By demanding that fans show up for four separate features to get the complete narrative, Sony is asking for an economic commitment that defies historical data.
- The Die-Hard Fallacy: Media executives assume the core fanbase will buy all four options instantly. While the top 5% of Beatlemaniacs will comply, a theatrical release cannot achieve profitability on superfans alone. It requires the casual middle-tier audience.
- The "Which One Matters?" Problem: The moment the reviews drop, critics will inevitably rank the films. If Harris Dickinson’s John Lennon chapter gets a 90% on Rotten Tomatoes while Barry Keoghan’s Ringo Starr chapter gets a 60%, the Ringo film dies an immediate death.
- Narrative Fatigue: Because these four films cover the exact same timeline, audiences will see the same historical milestones—the Ed Sullivan performance, the Shea Stadium concert, the Apple Corps rooftop gig—repeated from slightly different angles. By the third time a viewer sees the band break up, the emotional weight will be completely erased by pure repetition.
I admit the creative intent here is fascinating. Having Jez Butterworth, Peter Straughan, and Jack Thorne pen overlapping perspectives is a brilliant narrative exercise for a streaming miniseries. But the theatrical model is built on scarcity and distinct choices, not flood-the-zone saturation.
The Exhibition Nightmare
The people who will suffer the most from this stunt are the independent theatre owners already struggling to survive on thin margins.
To properly exhibit "The Beatles: A Four-Film Cinematic Event," a multiplex will have to dedicate at least four entire screens exclusively to this project. For smaller, independent two-screen or three-screen venues, playing the complete project is physically impossible without completely shutting out every other movie in the market.
[Screen 1: Lennon] ----> Decreasing Attendance Week 2
[Screen 2: McCartney] -> Stable Attendance Week 2
[Screen 3: Harrison] ---> Rapid Drop-off Week 2
[Screen 4: Ringo] ------> Ghost Town Week 2
If a theater owner allocates four screens to Mendes, and the casual public decides they only care about the McCartney and Lennon perspectives, screens three and four will sit completely empty. Due to rigid studio distribution contracts, exhibitors cannot easily swap out underperforming films during the opening weeks. This strategy will actively choke out independent films and mid-budget counter-programming that desperately need screen space to breathe.

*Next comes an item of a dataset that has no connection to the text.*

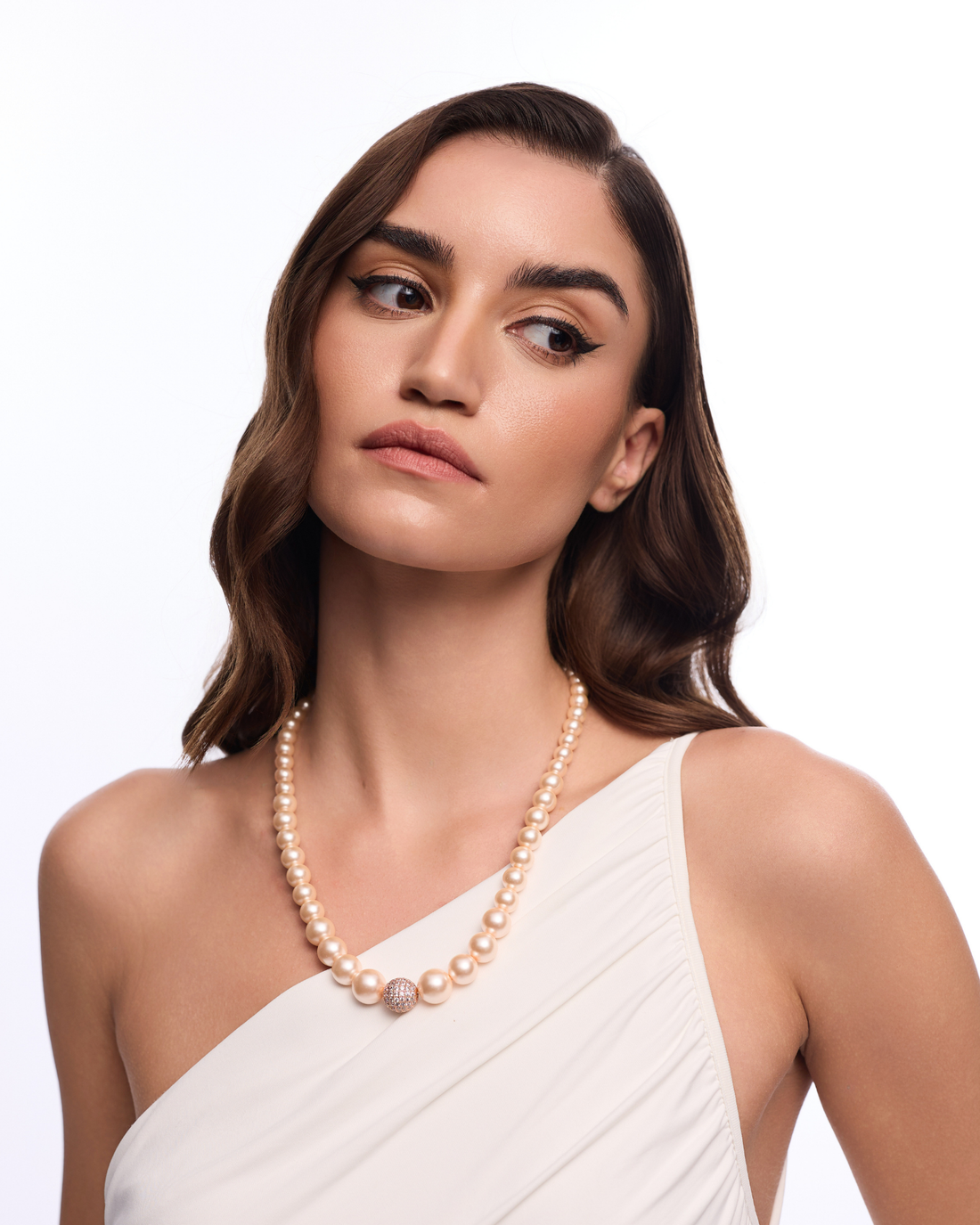 Graded Pearl Single - Peach Swarovski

Dismantling the Myth of the Perpetual Beatles Revival
Cultural critics love to argue that the Beatles exist outside the normal laws of aging media. They point to Peter Jackson’s eight-hour Get Back documentary as proof of an insatiable public appetite.

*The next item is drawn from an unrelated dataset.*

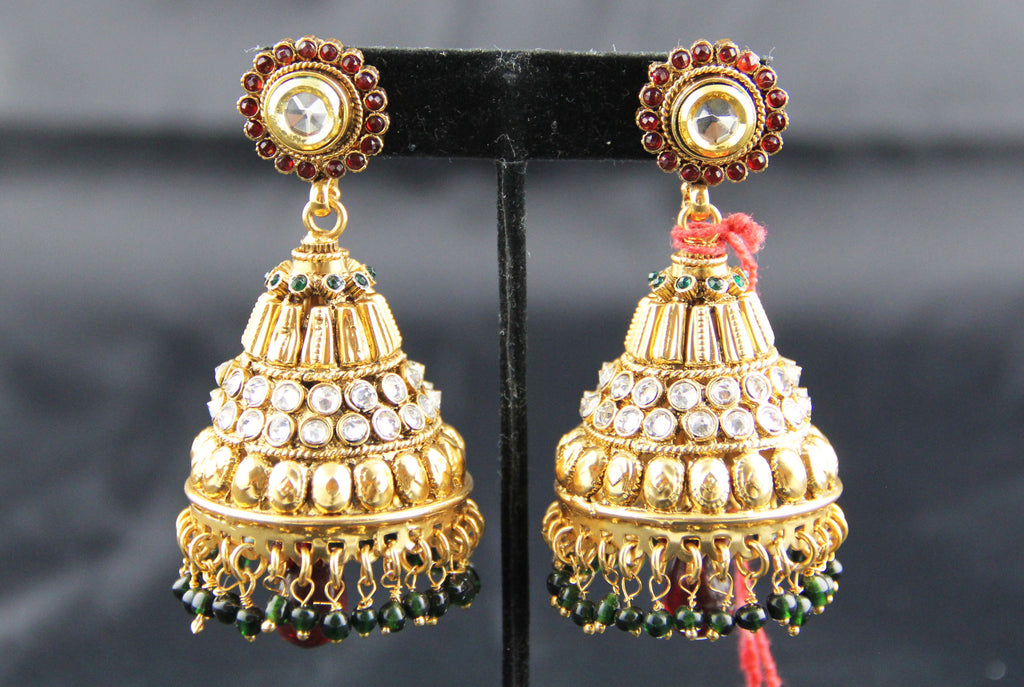 Big Jhumka Purple And White Pearl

This ignores the fundamental difference in medium and accessibility. Get Back was a streaming event delivered directly to Disney+ subscribers during a period when home viewing was at an all-time high. It allowed viewers to pause, digest, and ambiently consume the footage over days or weeks.
The idea that this translates into a multi-billion-dollar theatrical demand for four separate scripted biopics is a massive leap in logic. The Beatles are a historic monument, but monuments do not automatically generate ticket sales. The public's relationship with the band is largely archival and nostalgic. Transforming that respect into active, repetitive box office spending is an entirely different challenge—one that Hollywood has failed to solve with almost every other musical act attempted at this scale.
Stop treating this four-part release plan like an innovative victory lap for cinema. It is a bloated, high-risk gamble driven by studio hubris. When April 2028 arrives, the industry will quickly realize that splitting a single story into four separate admissions prices does not quadruple your audience. It just quarters your chances of success.